Start at the line that contains "2021 International Lt625". Repeat it and each line after it, exactly, up to and including the final line of the data.

§ **Supplied entries**:
_ _ _ _ _

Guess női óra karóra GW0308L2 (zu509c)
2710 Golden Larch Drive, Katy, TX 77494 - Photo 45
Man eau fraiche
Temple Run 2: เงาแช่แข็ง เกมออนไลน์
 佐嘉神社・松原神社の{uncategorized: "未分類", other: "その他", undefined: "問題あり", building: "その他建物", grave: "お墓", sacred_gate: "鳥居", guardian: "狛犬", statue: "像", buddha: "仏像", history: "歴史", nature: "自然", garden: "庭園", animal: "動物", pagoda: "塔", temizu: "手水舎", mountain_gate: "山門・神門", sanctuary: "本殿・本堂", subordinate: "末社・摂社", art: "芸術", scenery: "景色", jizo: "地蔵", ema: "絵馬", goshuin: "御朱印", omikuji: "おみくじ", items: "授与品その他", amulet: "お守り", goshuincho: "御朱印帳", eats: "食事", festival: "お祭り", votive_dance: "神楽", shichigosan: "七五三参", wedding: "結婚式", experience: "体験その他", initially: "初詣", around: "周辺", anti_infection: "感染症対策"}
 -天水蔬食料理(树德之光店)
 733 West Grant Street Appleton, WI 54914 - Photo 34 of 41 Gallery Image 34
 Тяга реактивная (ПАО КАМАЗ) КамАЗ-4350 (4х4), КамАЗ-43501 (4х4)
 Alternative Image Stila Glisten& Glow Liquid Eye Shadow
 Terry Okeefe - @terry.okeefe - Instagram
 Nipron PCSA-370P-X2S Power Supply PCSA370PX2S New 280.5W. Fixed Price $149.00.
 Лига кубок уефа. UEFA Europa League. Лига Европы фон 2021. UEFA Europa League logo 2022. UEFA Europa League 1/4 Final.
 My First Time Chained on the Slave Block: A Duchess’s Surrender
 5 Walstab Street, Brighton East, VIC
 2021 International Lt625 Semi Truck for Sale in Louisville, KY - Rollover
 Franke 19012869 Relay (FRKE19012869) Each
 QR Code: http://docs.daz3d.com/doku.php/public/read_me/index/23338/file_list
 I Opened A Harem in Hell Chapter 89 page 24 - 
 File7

_ _ _ _ _

§ **Answer**:
 2021 International Lt625 Semi Truck for Sale in Louisville, KY - Rollover
 Franke 19012869 Relay (FRKE19012869) Each
 QR Code: http://docs.daz3d.com/doku.php/public/read_me/index/23338/file_list
 I Opened A Harem in Hell Chapter 89 page 24 - 
 File7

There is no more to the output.